▶ **Dataset extract**

'''

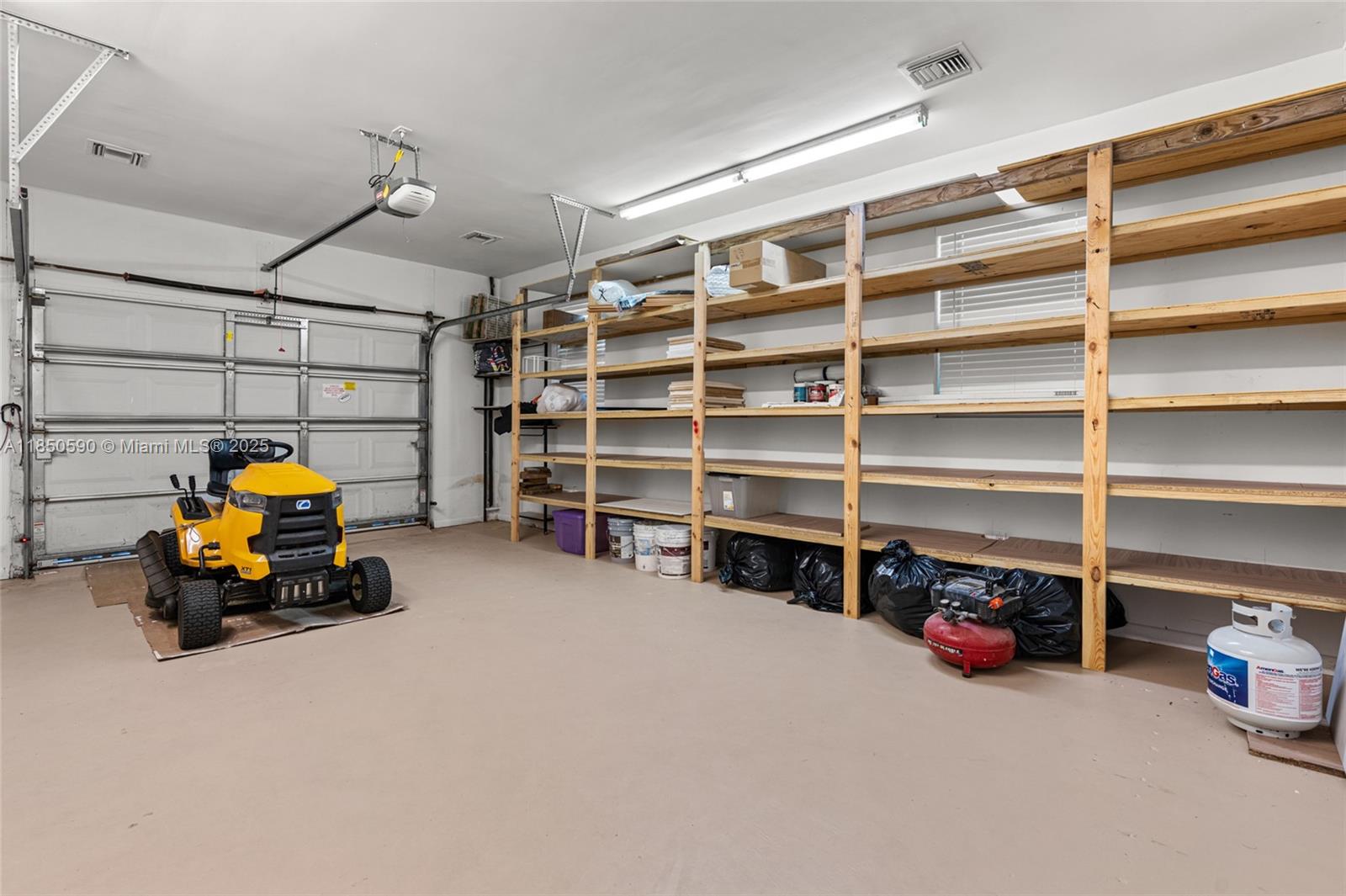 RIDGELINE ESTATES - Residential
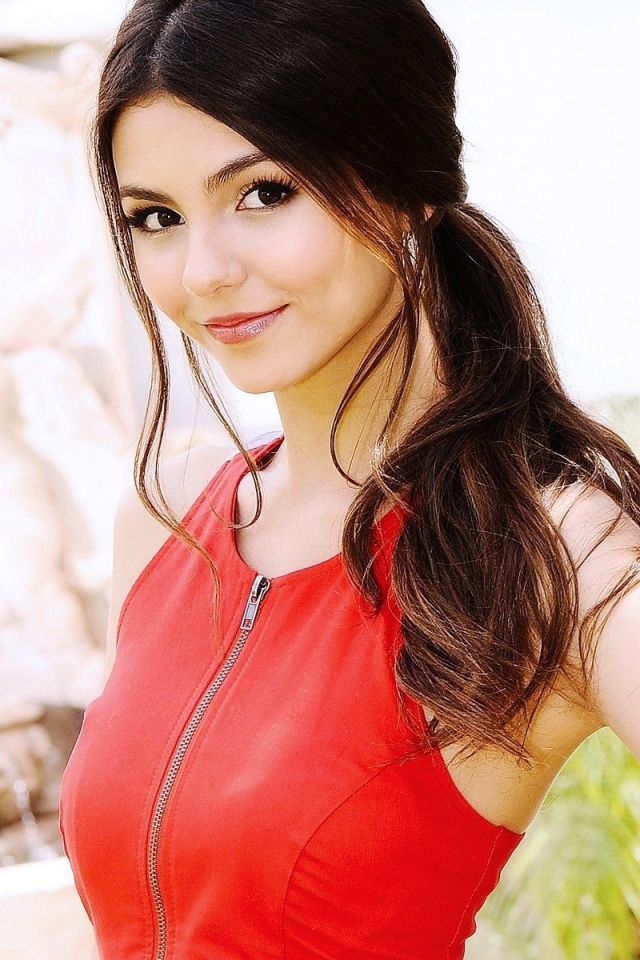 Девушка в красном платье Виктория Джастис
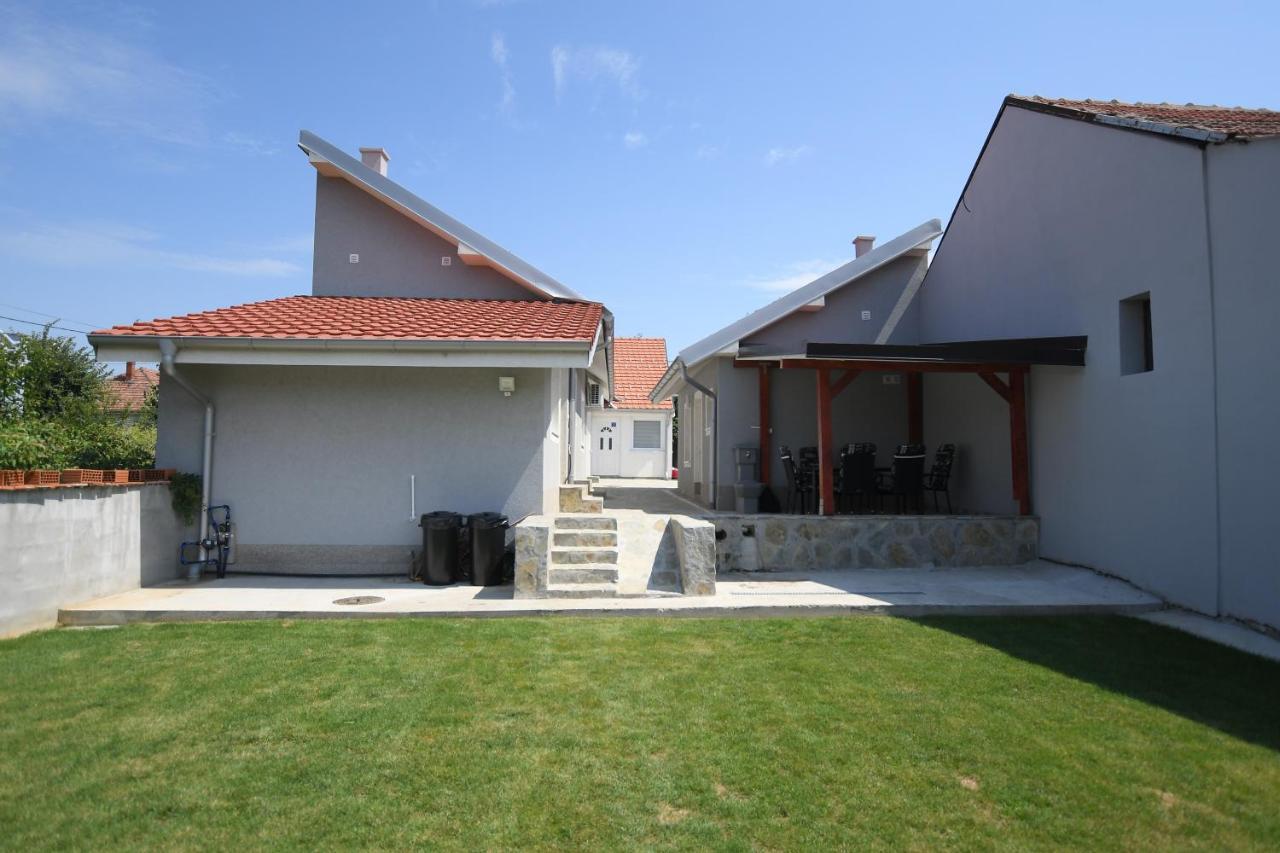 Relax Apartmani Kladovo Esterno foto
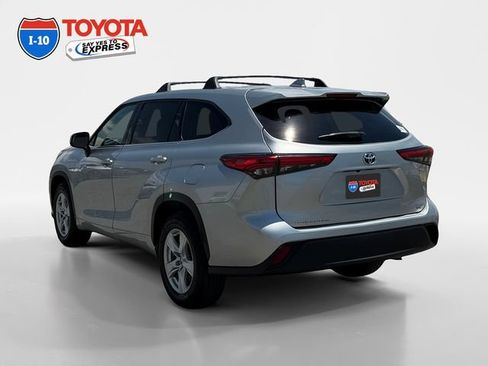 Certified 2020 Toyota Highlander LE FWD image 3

'''

▶ **Assignment**
Could you output the listing word for word, omitting every picture?

▶ **Output of the task**
 RIDGELINE ESTATES - Residential
 Девушка в красном платье Виктория Джастис
 Relax Apartmani Kladovo Esterno foto
 Certified 2020 Toyota Highlander LE FWD image 3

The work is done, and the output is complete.